Niçin Sanayileşemedik?

Kapitalizm öncesinde toplumların üretimi büyük oranda tarıma dayanmaktaydı.

Feodal üretimin dağılma çağında sanayi malları üretimi önem kazanmaya başlamıştı.

Burjuva sınıfı feodal üretimin bağrından doğup gelişmiştir. Bu sınıfın elinde biriken büyük paralar sanayiye yatırılmıştır.

Avrupa’da tüccar ve tefeci sermayesi sürekli büyümüş, sanayiye yatırılan ve artık değer ile daha da büyüyen sermayeler sanayiye yatırıldıkça ekonomi içinde sanayinin payı giderek artmıştır.

Bu sürece sanayileşme diyoruz.

Bu günün gelişmiş kapitalist ülkelerinin sanayileşmesi hem bu süreç ile hem de pek çok ülkenin sömürgeleştirilerek yağmalanmasıyla gerçekleştirilmiştir.

Yazar Conrad’ın Karanlığın Yüreği isimli romanı, kapitalizmin Afrika’daki tahribatını güzel anlatmaktadır.

İç dinamikleri elverişli olan ve dünyayı sömüren ülkeler gelişmiş kapitalist sanayi ülkeleri olmuşlardır.
İç dinamikleri elverişli olmayan toplumlar ise az gelişmiş ve geri kalmış ülkeler grubundadırlar.

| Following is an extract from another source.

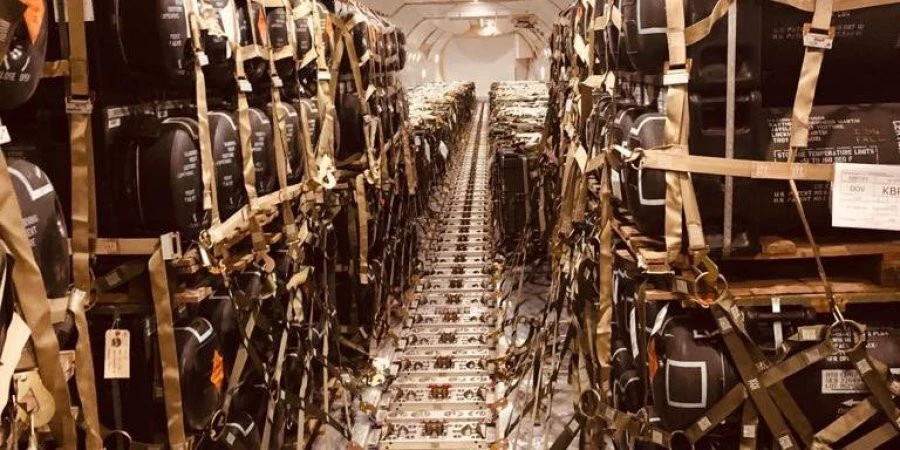 До України прибули ще 130 тонн військової допомоги від США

Bu bilgilere göre bir ülkenin gelişmişliğini araştırırken, tarihsel olgulara ve toplumsal olgulara başvuracağız.
Tarihsellik burada, ülkelerin hangi üretim biçimi içinde oldukları ve o çağdaki dış koşullardan etkilenme dereceleri gibi unsurlardır.

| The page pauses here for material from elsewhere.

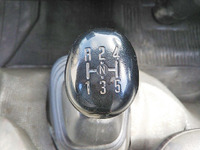 いすゞエルフ冷凍車（冷蔵車）小型（2t・3t）[写真33]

Toplumsallık ise, ülkedeki sınıfsal yapı, üretim tarzı, üretici güç ve üretim ilişkileri gibi unsurlardır.

Bu ölçütlere göre Osmanlı’ya bakarsak şunları söyleyebiliriz;

Avrupa feodalizmden kurtulup kapitalizme geçerken Osmanlı’da iç dinamikler böyle bir dönüşüme elverişli değildi.
Demek istiyoruz ki, Osmanlı’da batıda olduğu gibi bir senyör ve serf sınıfları ve üretim ilişkisi mevcut değildi.

Daha sonraki yıllarda ise dış dinamikler, mesela, 1838 yılındaki Balta Limanı Antlaşması gibi, ülkedeki mevcut sanayi kuruluşlarını da silip süpürmüştü.

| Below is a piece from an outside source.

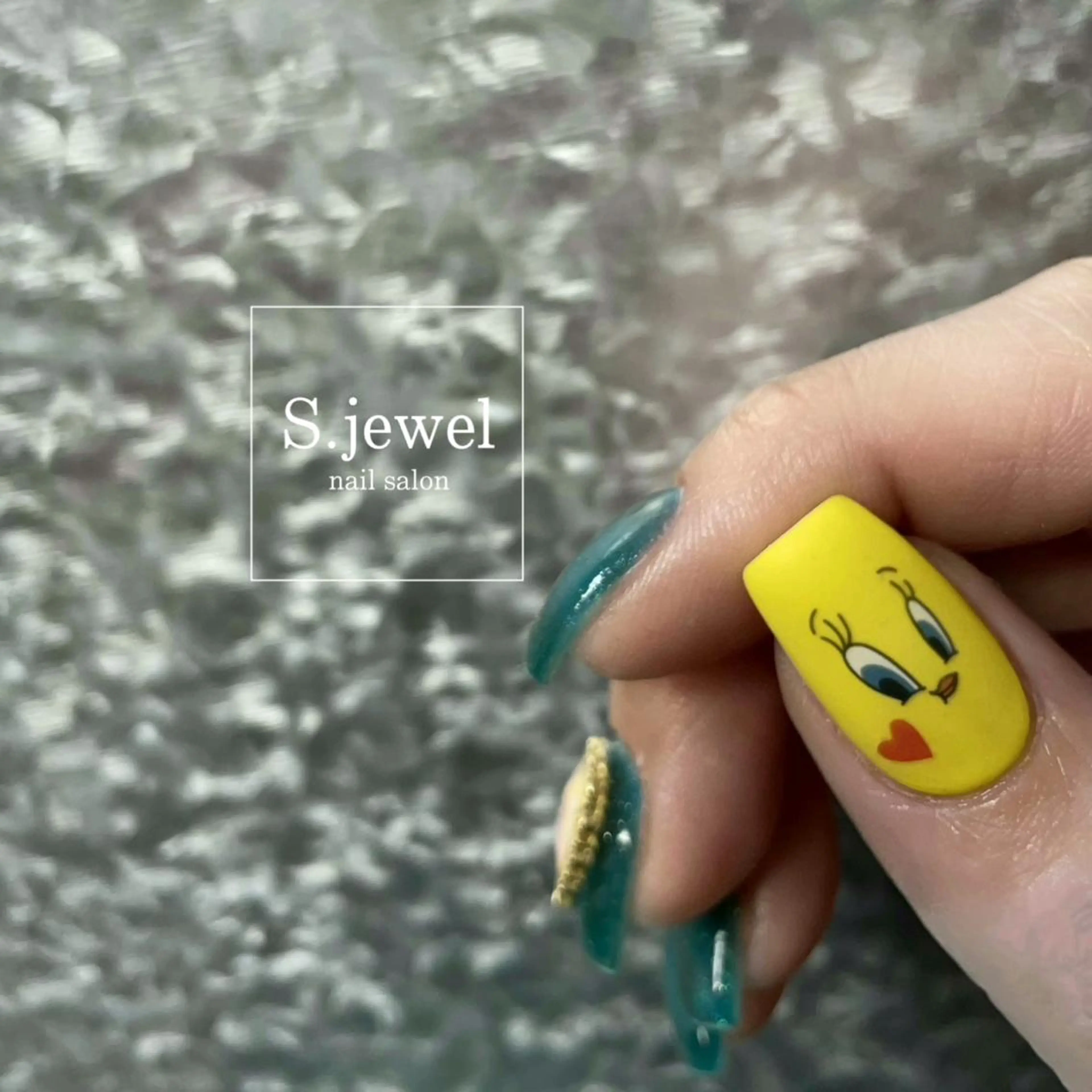 ネイル S. JEWELのネイルデザイン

Demek ki, iç ve dış dinamikler Osmanlı’nın sanayi devrimine geçişini engelledi.

Zannedilmiş ki, batı kurumları alınırsa, batıya benzersek geriliğin üstesinden gelebiliriz.

Oysa, sorun kurumların transferinde değil, içerdeki toplumsal yapıda ve dış müdahalelerin etkisindeydi.

Tanzimat’ dan 1950”ye kadar sanayileşme ve batılılaşma çabaları hep bu tip bir mantık ile yapılagelmiştir.

Batıda bu sanayileşme işini burjuvazi yapmıştır.
Bizde burjuvazi olmayınca bu işi bürokrasi yürütmek istemiştir.

Bürokrasi bu sanayileşme işinde başarılı olamamış, üretici güçler tasfiye olmuş, sonra da Osmanlı tarihe karışmıştır.
Cumhuriyet’te ilk dönemlerde, güçlü bir burjuva sınıfı olmayınca, sanayileşme devlet eliyle yürütülmeye çalışılmıştır.

Bu dönemde önemli sanayi kuruluşları devlet eliyle kurulmuş ve işletilmiştir.

1930’lu yıllardaki devlet eliyle sanayileşme hamlesi ve ikinci savaş sonrası 1950’lerdeki ve 60’lı yıllardaki planlı sanayileşme hamleleri sanayileşmede ciddi aşamaların geçilmesini sağlamıştır.

Özetlersek, Osmanlı’nın toplumsal yapısı, feodal olmayan vergisel üretim tarzı, üretim ilişkileri gibi iç dinamikler sanayileşme devrimine geçişi engellemiştir.

Ayrıca 1838 antlaşmaları gibi dış baskılarla da var olan sanayi atölyeleri ortadan kalkmış ve ülke hammadde satan, mamul madde satın alan bir süreçte yaşamıştır.

Ülkemiz tarihsel olarak bir sanayi devriminden uzak kalmış olsa da bu gün belirli düzeyde bir sanayi ve kapitalist ilişkiler, kapitalist üretim biçimi özelliğine sahiptir.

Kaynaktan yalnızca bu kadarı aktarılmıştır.